Thank you, and thanks OP. This was the last push I needed to finally harden my HA security. I am now using oauth2, works really well, even runs Dockerized.
What about using Dataplicity for remote access without port forwarding? Would that be a more secure way of enabling services such as the iOS app, Google Assistant, and IFTTT?
This is exactly what happened to me a month or so ago. I had at some point turned trusted_networks on and then subsequently setup a reverse proxy. DOH!
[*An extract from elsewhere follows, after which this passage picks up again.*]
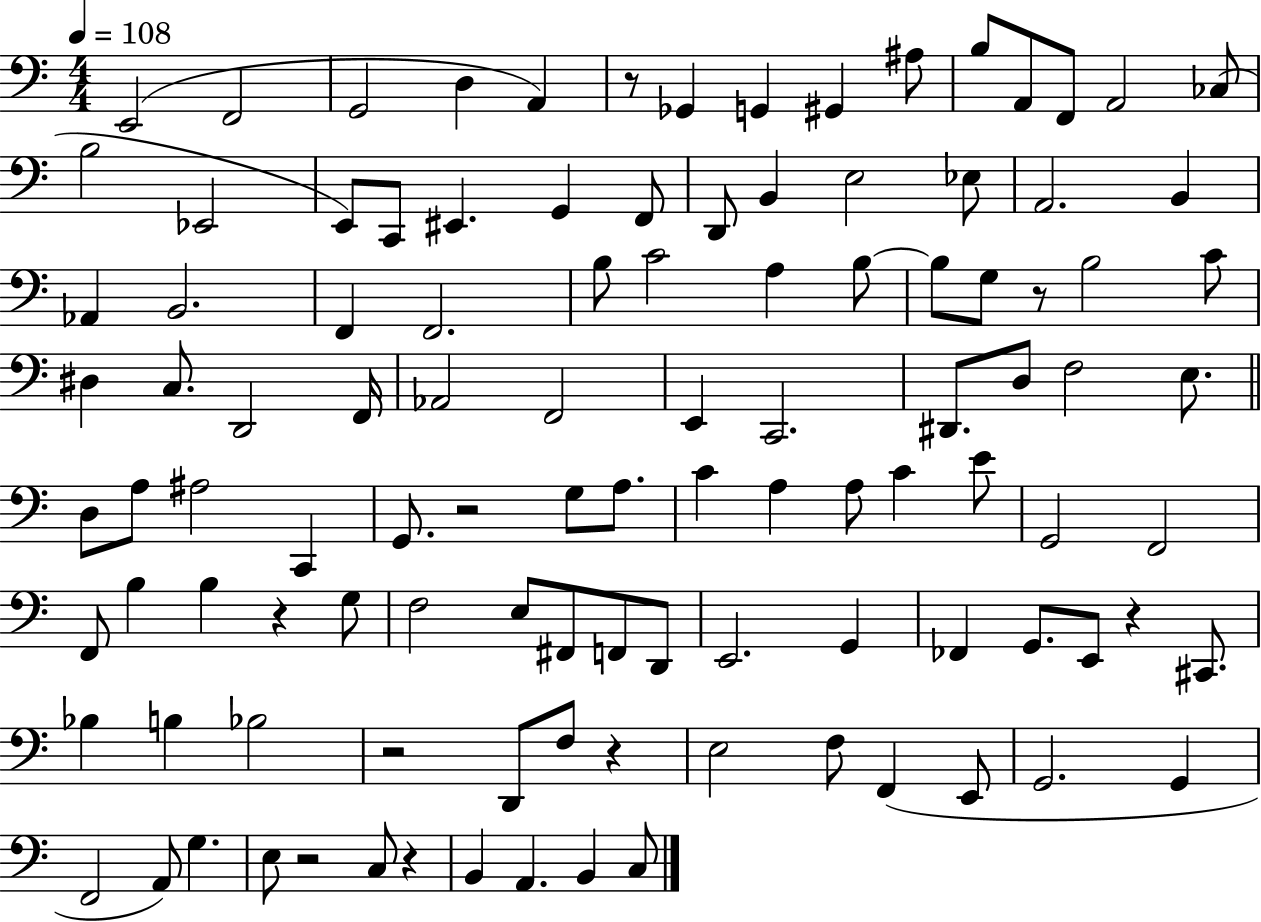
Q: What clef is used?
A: bass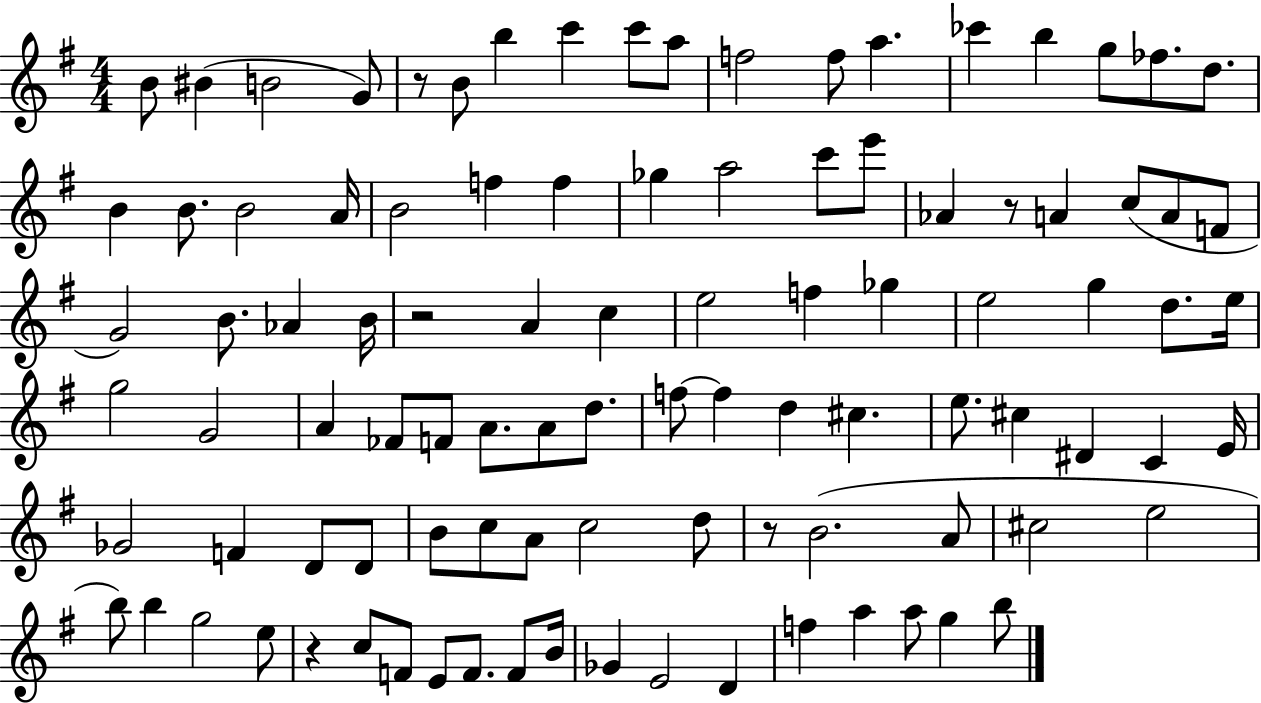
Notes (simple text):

I also only ever access HA via VPN when I’m not home. Many routers (like mine) have integrated VPN support and are straight forward to setup and use, if you are not able to setup your own VPN server etc
Please share how you set up 2FA!
I get this in the Server HTTP response header
Python/3.6 aiohttp/3.3.2
yes? not sure what you’re eluding to?
Was this in regards to the aiohttp post from previous? if so, Paulus points out aiohttp-session
isn’t utilized…
Hi, very intersting thread. Not great at security myself, but Shodan showed my MQTT port 1883 to be open, as well as Hassio port 8123. I reinstaled Hassio after starting to use Nabu Casa a while back and have not been thinking of the port forwarding rules that I created with DuckDNS, these have just lingered as a leftover from previous adventures. With Nabu Casa (as I have understood it) you dont need SSL certs, so for all add-ons SSL is set to false, something that is not a great combination (I think, sorry if Im wrong, still learning…). If anyone else have gone down the same route, I would guess (someone more knowledgable than me should ellaborate here), this might be worth checkig.
Please correct me if Im wrong in my assumptions.
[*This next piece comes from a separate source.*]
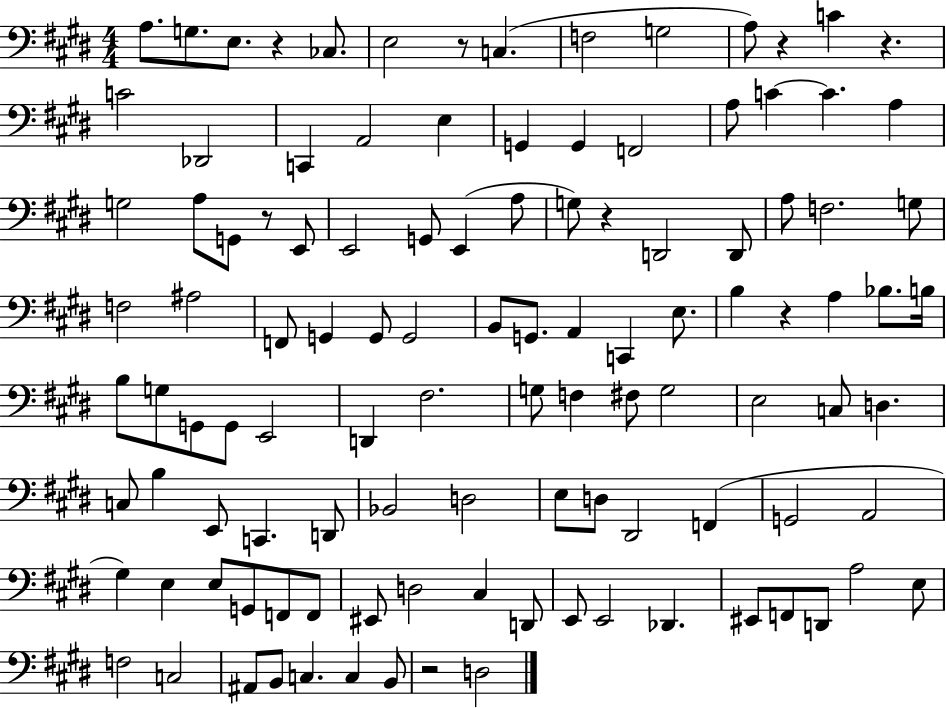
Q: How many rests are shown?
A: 8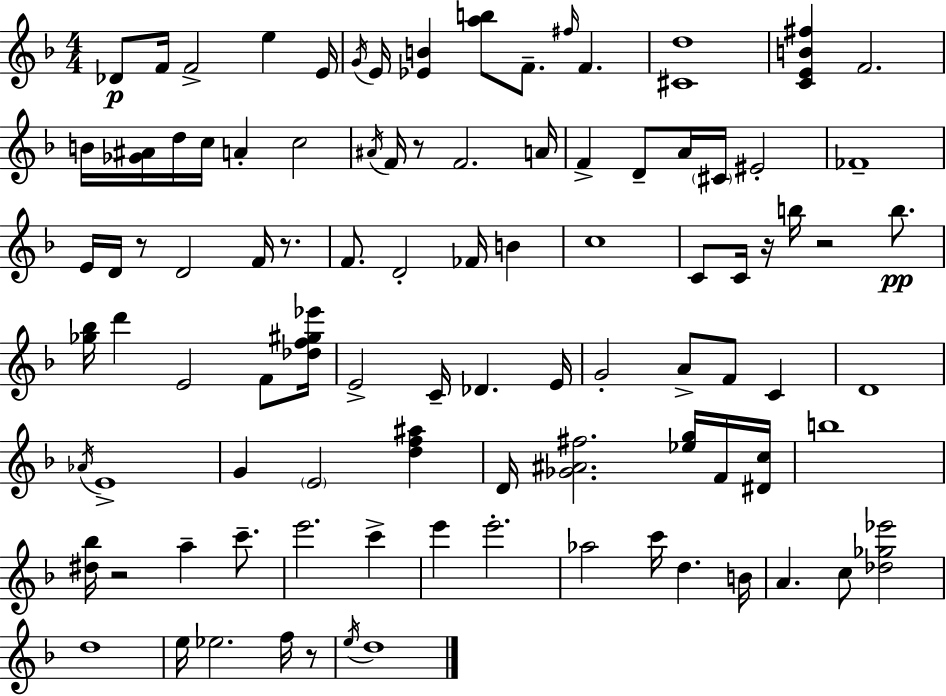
Db4/e F4/s F4/h E5/q E4/s G4/s E4/s [Eb4,B4]/q [A5,B5]/e F4/e. F#5/s F4/q. [C#4,D5]/w [C4,E4,B4,F#5]/q F4/h. B4/s [Gb4,A#4]/s D5/s C5/s A4/q C5/h A#4/s F4/s R/e F4/h. A4/s F4/q D4/e A4/s C#4/s EIS4/h FES4/w E4/s D4/s R/e D4/h F4/s R/e. F4/e. D4/h FES4/s B4/q C5/w C4/e C4/s R/s B5/s R/h B5/e. [Gb5,Bb5]/s D6/q E4/h F4/e [Db5,F5,G#5,Eb6]/s E4/h C4/s Db4/q. E4/s G4/h A4/e F4/e C4/q D4/w Ab4/s E4/w G4/q E4/h [D5,F5,A#5]/q D4/s [Gb4,A#4,F#5]/h. [Eb5,G5]/s F4/s [D#4,C5]/s B5/w [D#5,Bb5]/s R/h A5/q C6/e. E6/h. C6/q E6/q E6/h. Ab5/h C6/s D5/q. B4/s A4/q. C5/e [Db5,Gb5,Eb6]/h D5/w E5/s Eb5/h. F5/s R/e E5/s D5/w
It all boils down to how paranoid you wanna be.
I for one have setup my home quiet tight. I run a VPN for any external connections from outside to my home. My home network is divided into separate vlans all firewalled so I can control all devices of what they can send and receive. As well as to the internet as to other devices on my network. Only one device has to get mallware to infect or sniff other local vurnabilities, so that is why I choose this route. And for that reason I also use ssl on local devices.
But to keep it simple and not as insane as my setup I would start by closing those ports on your router. Never let others use your wifi accept your own family. Maybe shield off everything from phone connections. So only connect through nabu casa (even when your at home). I know not totally local anymore, but phones are very often prone to get mallware these days.
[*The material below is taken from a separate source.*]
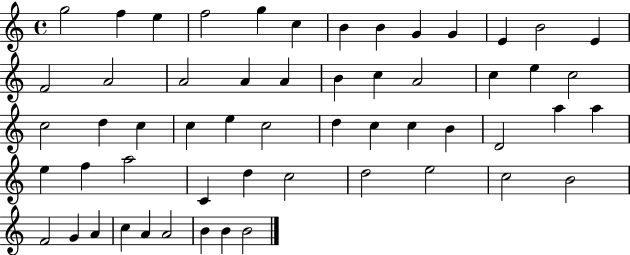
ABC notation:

Hope that helpes something.
Why do you have 1883 forwarded?
Likely MQTT server for owntracks.
Correct @firstof9 but Owntracks not needed any longer with the “new” Android app and locatioon included there.
I would have liiked to separate it into different vlans @frits1980 , but my router does not accept that and I have TV over internett from my ISP, so I have to use my more advanced router as an AP., otherwise Ill just end up wit an DHCP conflict. Havent tried to run my router on a different subnet, might be a solution to look into, but not got the time to look into it yet.
The answer is to stop the forwarding! This is NOT a security concern caused by HA, it is caused by you forwarding a port. Plain and simple.